Here was the Texas wine tasting at the annual Kerrviile fall music festival, where I’ve been preaching the gospel of Texas wine for almost a decade. So you can imagine how I felt when Palacios stood up. Giddy, practically. But that wasn’t the only reason to be excited about Texas wine based on what I saw during my three days in the Hill Country:
• There was the 20-something man at the Walmart automotive center getting a flat on his pickup truck fixed. “I don’t drink much wine,” he said, talking about the Texas wineries he and his wife had visited over the weekend, “but this has been a lot of fun.”
• The chef who stood up during the Kerrville panel and said, “Thanks to the Texas industry for getting this right. I was here 20 years ago, and I really wondered if they’d ever be able to do it.”

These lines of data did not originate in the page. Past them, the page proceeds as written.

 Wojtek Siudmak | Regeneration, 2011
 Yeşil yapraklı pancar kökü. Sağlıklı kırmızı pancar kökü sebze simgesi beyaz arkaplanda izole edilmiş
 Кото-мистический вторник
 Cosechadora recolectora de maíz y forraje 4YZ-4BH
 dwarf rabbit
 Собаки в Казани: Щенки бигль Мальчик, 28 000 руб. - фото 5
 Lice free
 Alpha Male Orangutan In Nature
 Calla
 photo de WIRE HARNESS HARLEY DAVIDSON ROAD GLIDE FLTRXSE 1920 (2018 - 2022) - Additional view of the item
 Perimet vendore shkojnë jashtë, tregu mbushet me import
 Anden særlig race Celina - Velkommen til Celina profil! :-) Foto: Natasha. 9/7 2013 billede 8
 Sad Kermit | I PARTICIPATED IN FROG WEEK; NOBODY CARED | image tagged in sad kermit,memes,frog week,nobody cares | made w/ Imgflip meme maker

• The middle-aged Jack Daniels drinker who made a return trip to one winery tasting room because he couldn’t believe how much he enjoyed the wine. He even bought a couple of more bottles.
This does not mean there still aren’t problems, which I saw at this year’s Lone Star judging and that cropped up a couple times over the weekend. We still have a long way to go with wine education, for one thing, though that’s not necessarily a Texas problem. What’s important is that the first step in making Texas wine work has been taken. Consumers are willing to try it. Now the onus is on the wineries to produce quality wine at an affordable price that is uniquely Texas, and not a California or French knockoff.
Because consumers like Palacios are ready, willing, and able. “I’ve got a lot of wine drinking friends who won’t drink Texas wine,” she told me when I chatted with her after the panel. “So I’m going to do a blind tasting with these wines when we do our next tasting.”
What more can any wine business ask for?